Patients were given up to four doses of
the virus in combination with
chemotherapy and radiotherapy. The
study was conducted by the Institute of
Cancer Research and the Royal
Marsden NHS Foundation Trust.

Of the group, 82.3 percent of patients
experienced apparent tumor
shrinkage. About 93 percent of
patients showed no residual cancer in
their lymph nodes following
subsequent surgery to remove them.
After 29 months, 82.4 percent of
patients were still alive. Only 2 of 13
patients who were given high doses of
the virus relapsed.

OncoVEX, developed by
Massachusetts-based biotechnology
company BioVex, was engineered to
multiply inside cancer cells while
sparing healthy cells. Once inside, the
virus would multiply and burst, killing
the cancer cell. OncoVEX was also
formulated to stimulate an immune
response by producing a human

Erbitux by Eli Lilly and Merck KGaA
The drug is approved to treat head,
neck and colon cancer.

Boehringer drug  BIBW 2992 as
effective as Erbitux in head-and-neck
Boehringer Ingelheim says that data  
shows that the company’s BIBW 2992
shrank tumors in 22% of patients with
head and neck cancer (measured as
partial response), compared to 13% of
those receiving Erbitux.
BIBW 2992 – a small molecule which
targets the epidermal growth factor
receptor (EGFR/HER1) and human
epidermal receptor 2 (HER2) tyrosine
kinase – works by irreversibly binding
to the receptor, unlike available
treatments in this class. The drug is in
an an ongoing Phase II trial.
Recurrent head and neck cancer
carries a very poor prognosis, and this
is truly the first time that an oral EGFR
targeting agent has shown this level of
activity, says the company.

Canadian company Oncolytics is now
gearing up to start its first Phase 3  
study with Reolysin in patients with
advanced head and neck cancer at 25
centres in Britain and the U.S., under a
special protocol assessment from the
FDA, with plans to expand to Belgium,
for multijurisdictional approval in
Europe and Canada.
Reolysin will be tested in combination
with two chemotherapy drugs,
paclitaxel and carboplatin, versus
chemotherapy alone in a two-stage
clinical trial.
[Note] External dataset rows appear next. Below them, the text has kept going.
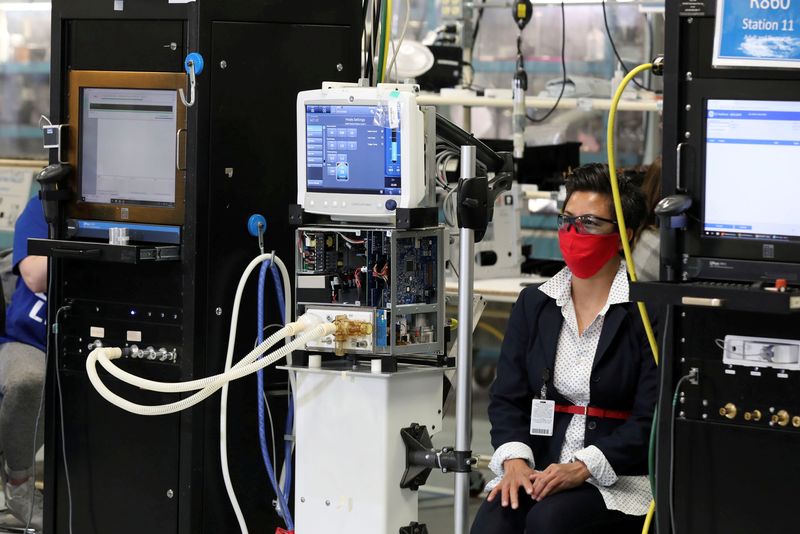 &copy; Reuters. FILE PHOTO: An employee wearing a face mask sits next to a GE Carescape R860 ventilator in an assembly and testing area at a GE Healthcare manufacturing facility during the global coronavirus disease (COVID-19) outbreak in Madison, Wisconsin, U.S. April 2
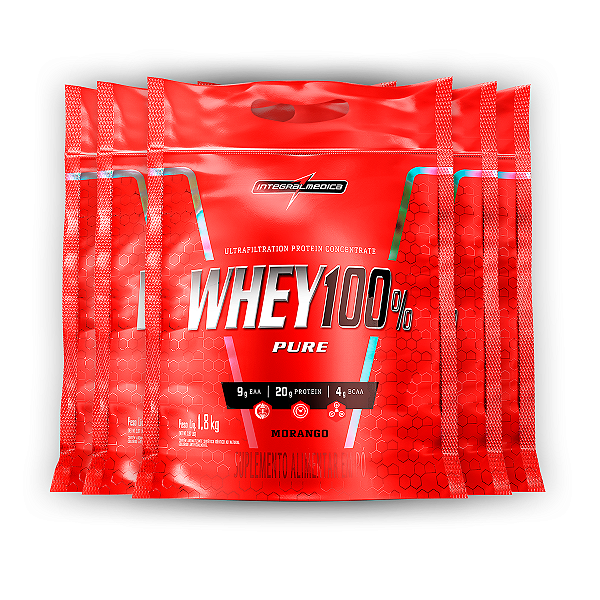 Kit 5 Whey Protein 100% Puro Integral Medica Morango 1.8Kg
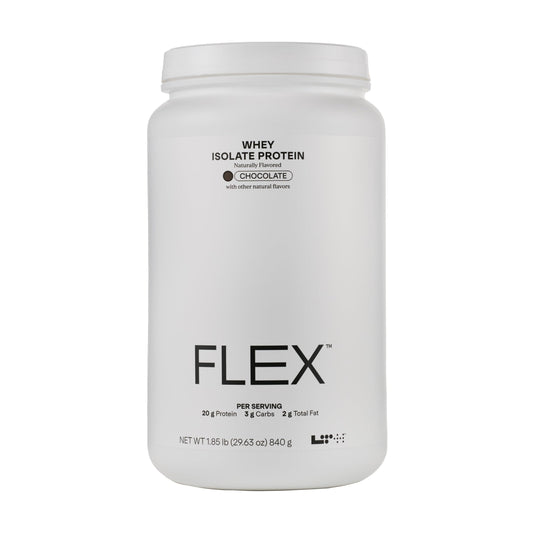 LTH Flex Whey Protein Isolate Chocolate flavor - 30 servings - front label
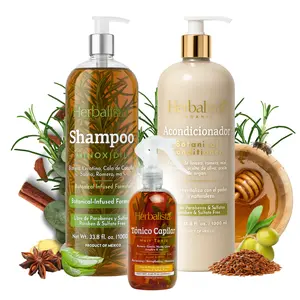 Herbalista Viral 3 Pack Herbal Hair Care Bundle – Shampoo Minoxidil & Conditioner 1000ml (33.8 fl oz) Each  + Tonico Capilar 250ml – With Real Botanicals – Paquete de 3 Piezas Shampoo & Acondicionador + Tonico Capilar – 100% Natural & Handcrafted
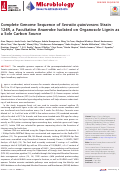 Cover page: Complete Genome Sequence of Serratia quinivorans Strain 124R, a Facultative Anaerobe Isolated on Organosolv Lignin as a Sole Carbon Source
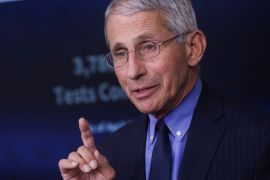National Institute of Allergy and Infectious Diseases Director Anthony Fauci addresses the daily coronavirus task force briefing at the White House in Washington, U.S., April 17, 2020. REUTERS/Leah Millis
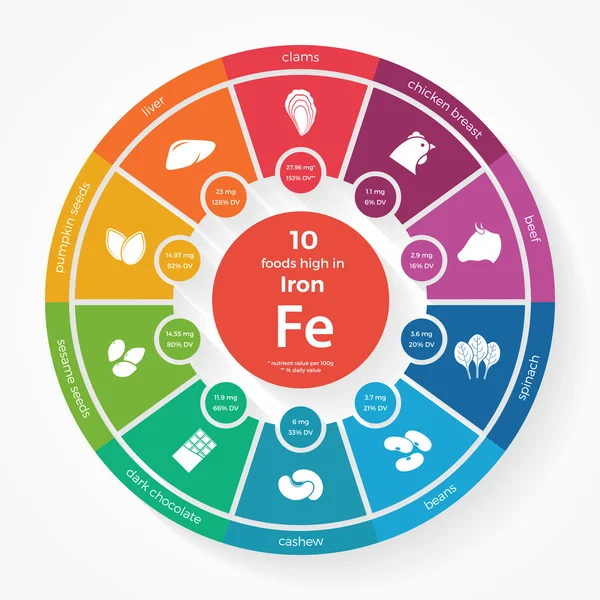 10 alimentos ricos en hierro — Archivo Imágenes Vectoriales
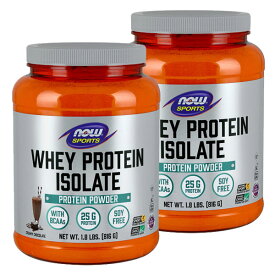 [2個セット] NOW Foods ホエイプロテイン アイソレート クリーミーチョコレート味 816g パウダー ナウフーズ Whey Protein Isolate Creamy Chocolate 1.8lbs.
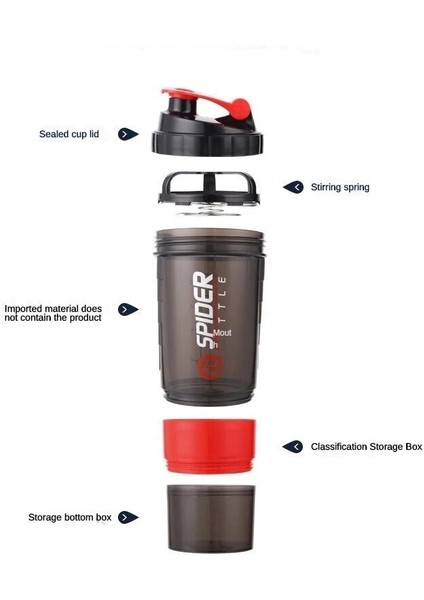 Beyaz 550 ml Shaker Protein Tozu Şişesi Sallama Fincan Büyük Kapasiteli Su Şişesi Seyahat Plaj Karıştırma Fincan Fitness Salonu Egzersiz Şişeleri (Yurt Dışından) fırsatları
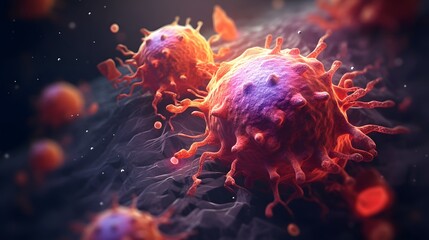 cancer cells 3d. generative ai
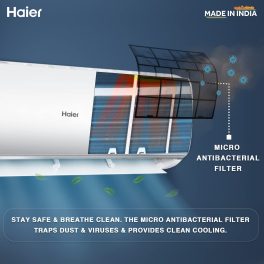 Haier 1.5 Ton 2 Star Fixed Speed Split AC, Copper Condenser Coil, Antibacterial Filter, White, HS50T-TBS2BE-FS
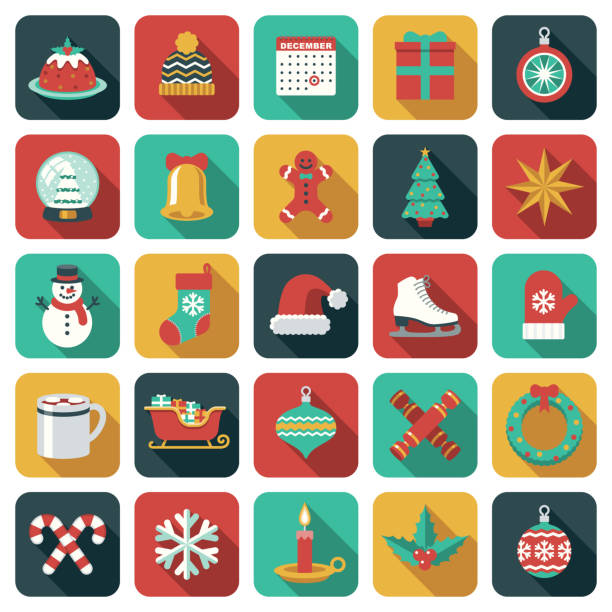 ilustraciones, imágenes clip art, dibujos animados e iconos de stock de conjunto de iconos de vacaciones navideñas - wrapping paper christmas gift snowman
The first stage is designed
to enroll 80 patients. The second
stage is adaptive, and designed to
enrol between 100 and 400 patients,
with the most probable statistical
enrollment now being 200 patients.
The company expects to complete
enrollment of 80 patients by this
Christmas and release some initial
data next spring or summer. The
primary endpoint is overall survival,
with key secondary endpoints including
progression free survival, response
rate and duration of response, as well
as safety.

Nanospectra Biosciences, which is
developing its AuroLase cancer
therapy for the destruction of solid

Curis recently announced that it had
dosed its first patient in a Phase Ib
expansion study for CUDC-101 in
patients with advanced head and neck,
gastric, breast, and liver cancers.
CUDC-101 is a small-molecule drug
designed to inhibit three molecular
targets in the cancer pathway that may
allow cancer to grow and spread.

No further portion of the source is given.